Last month, that share reached 98.6%.
Despite operating in what is widely regarded as the most EV-friendly market on earth, Lucid has failed to generate meaningful demand.
Prices for the entry-level Air Pure start at NOK 950,000 ($92,400), while the Gravity Touring begins at NOK 1,049,000 ($102,000) — placing both models firmly in the premium segment of a market where competition from European and Chinese brands has intensified.
Retreat from Oslo
Lucid is not alone in pulling back from central Oslo.
Several automotive brands have closed downtown showrooms in recent months, reflecting a broader reassessment of the economics of premium city-center retail space.
According to the outlet, XPeng closed its Bjørvika showroom in October 2025.
Geely-backed Polestar left Øvre Slottsgate in February 2025, while the luxury brand Lotus exited Nedre Slottsgate in April 2025.
General Motors‘ Cadillac never opened its planned Nedre Slottsgate space.
Porsche closed its Aker Brygge café in autumn 2025 and ran a temporary pop-up on Nedre Slottsgate from December 2025 through the first months of 2026 before departing.
Only two downtown showrooms now remain: Nio House on Karl Johans gate and Voyah‘s Klingenberggata location, operated by the Sulland group.
According to BilNytt.no, Nio has been trying for some time to exit its expensive Karl Johans gate lease, while Sulland is expected to decide on the future of the Voyah showroom later this year.
The Chinese EV maker has also been adjusting its sales model in Europe after demand for its EVs failed to pick up.
European Sales
The closure also arrives as Lucid faces broader challenges across Europe.
The company registered 29 vehicles across the continent in April — nearly triple the ten units from a year ago, but still a marginal figure for a brand present in four markets.
The majority of the 29 units were registered in Germany, where 21 vehicles were listed according to KBA data.
It remains unclear how many of those registrations across all markets represent actual customer deliveries rather than showroom or press vehicles.

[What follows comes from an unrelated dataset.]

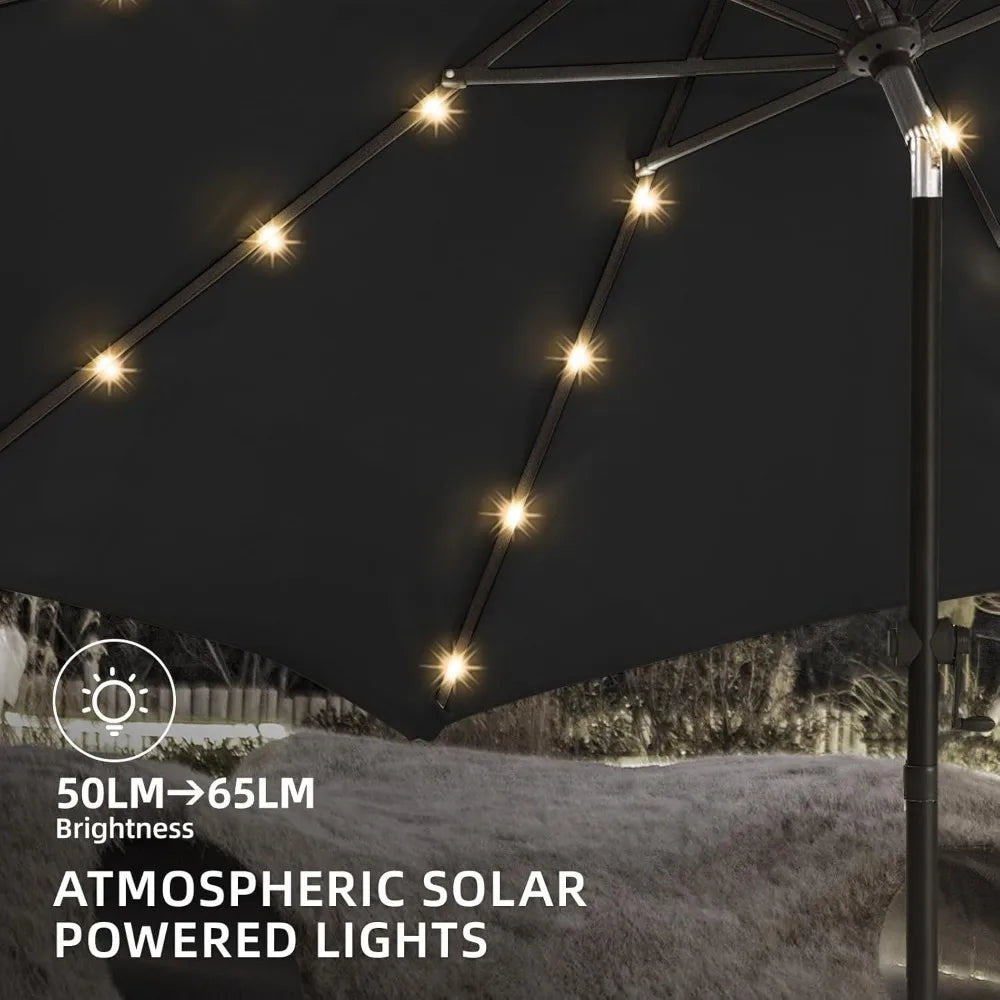 9ft Solar Led Patio Umbrella - Sturdy Outdoor Market Umbrella for Deck, Pool, Garden w/Tilt, Crank, 32 LED Lights, Carbon Grey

However, Lucid revealed earlier this month, speaking with EV, that Gravity deliveries began late last year — despite not having been officially announced.
Across the full year 2025, Lucid sold approximately 319 vehicles in Europe, a 32% decline from 470 in 2024.
European sales contributed less than 3% of the company’s revenue last year, which was dominated by the United States (84.4%), where the EV maker is headquartered.
Business Shift
Lucid‘s business model shift is being driven by persistently weak demand across the continent.
Former interim CEO Marc Winterhoff acknowledged during the fourth-quarter earnings call that Lucid was in advanced discussions with more than 10 additional dealer groups and importer candidates across Europe.
Winterhoff also conceded that Lucid‘s current lineup is not well-suited to European preferences.
The company expects demand to improve with the introduction of the mid-size Cosmos SUV, which is scheduled to begin production at Lucid’s second plant in Saudi Arabia by the end of this year.
CFO Taoufiq Boussaid has said the initial Saudi-built units will be followed by a slow ramp in 2027 before moving toward full capacity in 2028.
It remains unclear when the Cosmos will be available in European markets.
In the meantime, Lucid plans to expand from four to as many as 12 European countries by the end of 2026.
Belgium is expected this summer, with Denmark, France, Italy and Spain also among the confirmed markets.
The United Kingdom entry has been pushed to 2027, when the company intends to launch with the Cosmos rather than the Air or Gravity.
The company recently appointed a new Director of Aftersales for Europe as it shifts from a direct-to-consumer approach to a hybrid distribution model that combines company-owned facilities with local dealership partnerships.